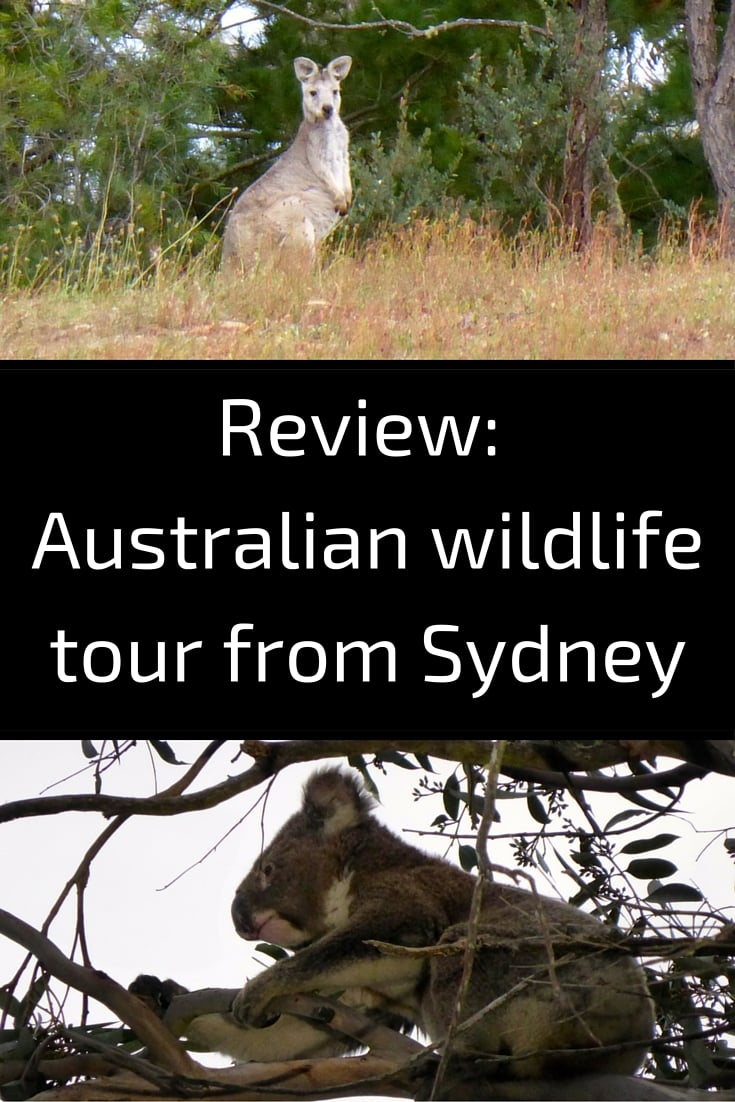 Native Australian wildlife tour from Sydney - Kangaroo Koala Wombat Platypus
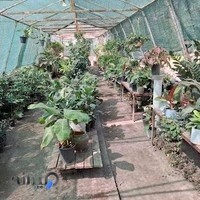 گلخانه زنبق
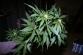 Marihuana_Modřice (7)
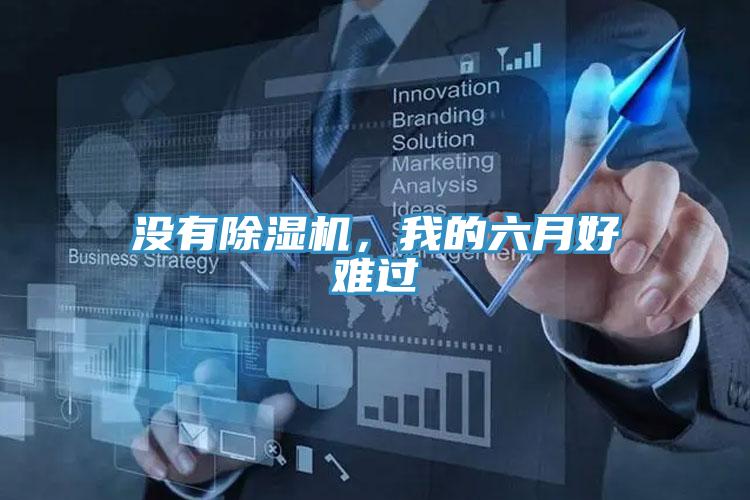 沒(méi)有除濕機(jī)，我的六月好難過(guò)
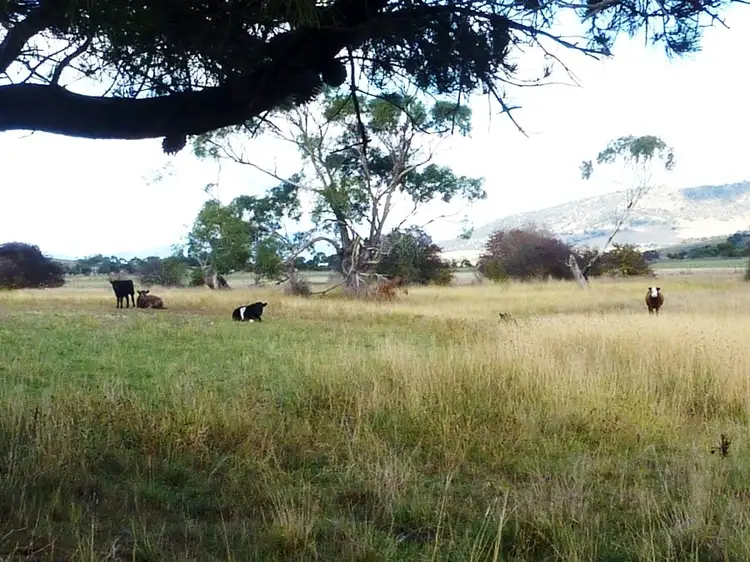 Fifth view of Homely rural property listing, 2981 Tasman Highway, Orielton TAS 7172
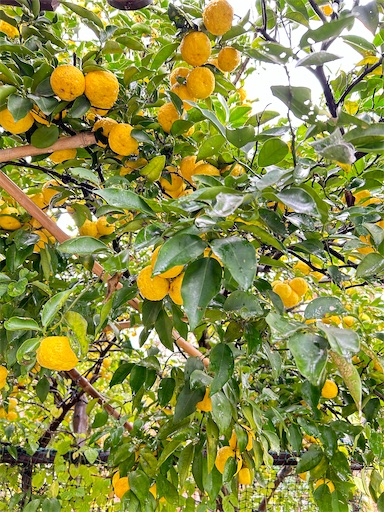 f:id:ekubosmile:20241122065304j:image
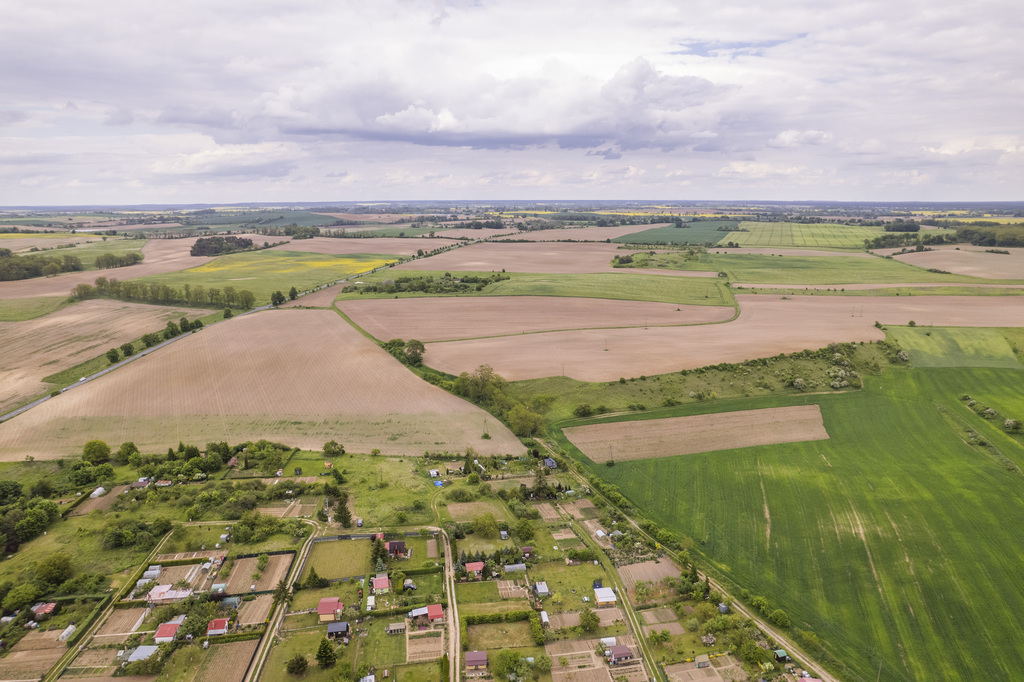 Działka w Cedyni 5,36ha z warunkami zabudowy — zdjęcie 11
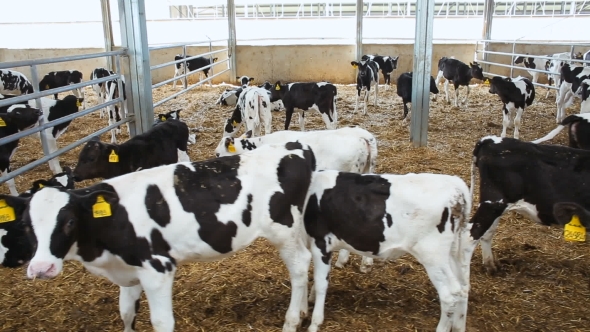 Young Calves On The Farm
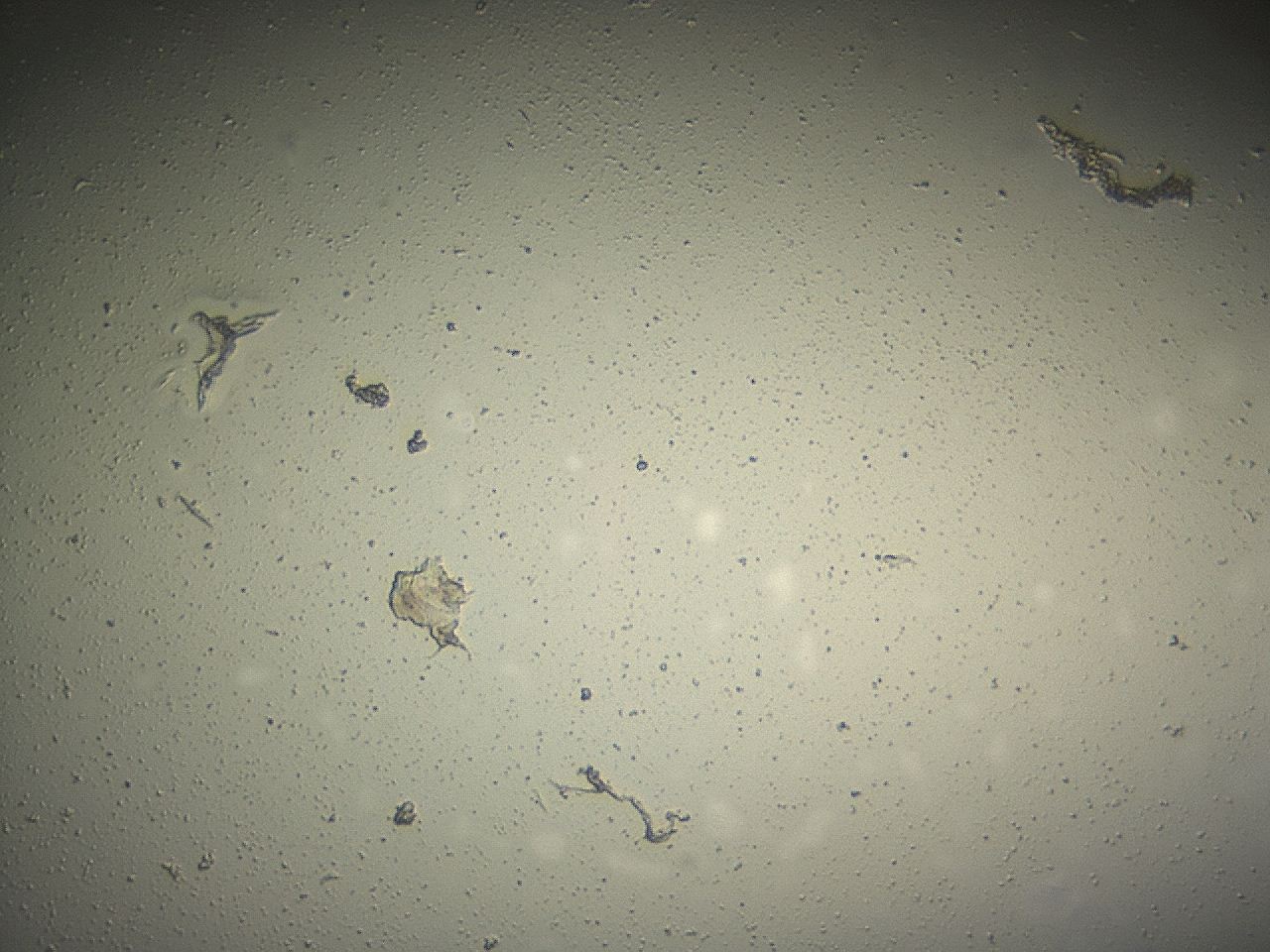 04m4_G10_ImagerDefaults_0.jpg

────────────────────────────────────────

Exercise —
With the pictures removed, return all the entries exactly.

Answer box —
 Native Australian wildlife tour from Sydney - Kangaroo Koala Wombat Platypus
 گلخانه زنبق
 Marihuana_Modřice (7)
 沒(méi)有除濕機(jī)，我的六月好難過(guò)
 Fifth view of Homely rural property listing, 2981 Tasman Highway, Orielton TAS 7172
 f:id:ekubosmile:20241122065304j:image
 Działka w Cedyni 5,36ha z warunkami zabudowy — zdjęcie 11
 Young Calves On The Farm
 04m4_G10_ImagerDefaults_0.jpg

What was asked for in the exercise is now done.